= Angim =

Ancient Mesopotamian poem

The work known by its incipit, Angim, "The Return of Ninurta to Nippur", is a 210-line mythological praise poem for the ancient Mesopotamian warrior-god Ninurta, describing his return to Nippur from an expedition to the mountains (KUR), where he boasts of his triumphs against "rebel lands" (KI.BAL), boasting to Enlil in the Ekur, before returning to the Ešumeša temple—to “manifest his authority and kingship.”

The ancient Sumerian epic had been provided with an intralinear Akkadian translation during the course of the second millennium.

==The myth==
Three copies from Nippur provide a subscript labeling it a šìr-gíd-da, or "long song", of Ninurta, where the term long perhaps refers to the tuning of the musical instrument intended to accompany the song.
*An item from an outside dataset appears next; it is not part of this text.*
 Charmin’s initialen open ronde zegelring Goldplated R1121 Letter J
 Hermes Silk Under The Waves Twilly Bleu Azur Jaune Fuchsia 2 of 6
It is extant in unilingual Sumerian from Nippur during the Old Babylonian period, and thereafter in bilingual editions from the Kassite, middle Assyrian and neo-Assyrian and neo-Babylonian versions, where the later ones are closer textually to the old version than the Middle Babylonian. Along with its companion composition, Lugal-e, it is the only Sumerian composition other than incantations and proverbs to have survived in the canon from the Old Babylonian period into the first Millennium. The title comes from the opening line: "an-[gim] dím-ma, ^{d}en-líl-gim dím-ma", "created like An, created like Enlil".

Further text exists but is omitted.